Jasna Góra to Sanktuarium Narodowe Polaków. Dom dla ojców i braci paulinów. Miejsce pielgrzymek tysięcy rodaków. To także… zakład pracy. Setki osób świeckich wspierają zakonników w ich służbie pielgrzymom i jak podkreślają, wkładają w to swoje serce na chwałę Matki Bożej. Msza św. odprawiona była w intencji pracowników i wolontariuszy. Eucharystii przewodniczył przeor, o. Samuel Pacholski, a kazanie wygłosił kustosz, o. Waldemar Pastusiak.
- Ta Eucharystia ma wyrażać naszą, paulińską wdzięczność wobec waszego trudu pracy, poświęcenia i zaangażowania w tworzenie tego miejsca, by było ono otwarte i wrażliwe na każdego, kto tutaj przychodzi – przywitał zgromadzonych o. Pacholski. Przekazał także podziękowania od wszystkich paulinów i wyraził nadzieję, że w kolejnym roku pracownicy Jasnej Góry będą gotowi oddawać swoje siły, talenty i zdolności dla służby temu miejscu i przychodzącym tutaj wiernym.
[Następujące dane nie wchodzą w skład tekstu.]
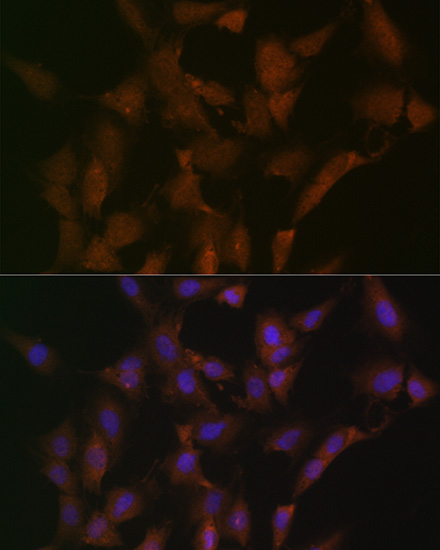 DISC1 Rabbit mAb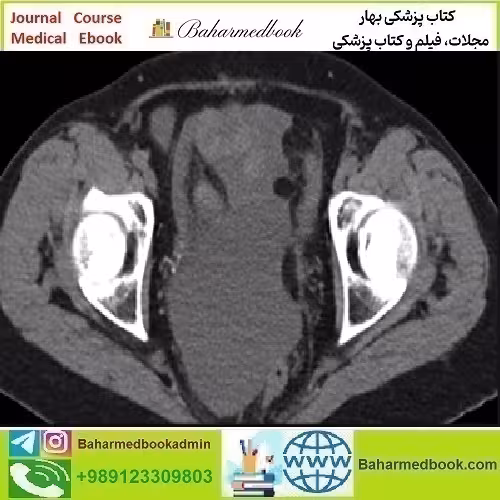 Radiologic Reasoning A Rapid Fire Multispecialty Review 2018 vi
W kazaniu kustosz zauważył, że Msza św. poprzedzająca łamanie się opłatkiem jest doświadczaniem wspólnoty. - Mam nadzieję, że dla państwa to jest nie tylko praca, ale także w pewnym sensie powołanie i służba, bo miejsce, w którym przychodzi wam pracować jest wyjątkowe - powiedział podkreślając, że choć początkowo pracownikami kierować mogą różne motywy, z biegiem czasu przychodzi taka chwila, kiedy uzmysławiają sobie, że są wezwani do czegoś większego niż tylko praca. Że jest to służba w Sanktuarium u tronu Jasnogórskiej Pani, ale także służba dla pielgrzymów, którzy tutaj przybywają. Odnosząc się do postawy biblijnego Zachariasza, którego modlitwa została przez Boga wysłuchana, kustosz podkreślił, że praca na Jasnej Górze, także może być modlitwą, jeśli dobrze będziemy ją motywować. Podając jako przykład Zachariasza, który pełnił posługę w świątyni i tracił wiarę w to, że jego modlitwy będą wysłuchane, dostąpił łaski od Boga, a jego modlitwa o potomstwo została wysłuchana. O. Pastusiak zauważył, że tak samo praca na Jasnej Górze, także może być modlitwą. Dziękując pracownikom za ich posługę, uwrażliwiał, by doceniać to święte miejsce, by nikogo nie dopadła rutyna Zachariasza. - Dzisiaj chcemy wam siostry i bracia powiedzieć, że wszystko co robicie tutaj, na Jasnej Górze, ma znaczenie także dla Pana Boga, że swoją pracą pomagacie budować to święte miejsce i stajecie się narzędziami, dzięki którym Bóg pomaga przemawiać do człowieka – dodał. Na zakończenie wspólnotę pracowników jasnogórskich porównał do jednego organizmu, w którym każda jego część jest tak samo ważna.
Po Mszy św. ojcowie, bracia i świeccy pracownicy w Bastionie św. Barbary wspólnie odśpiewali kolędy i połamali się opłatkiem.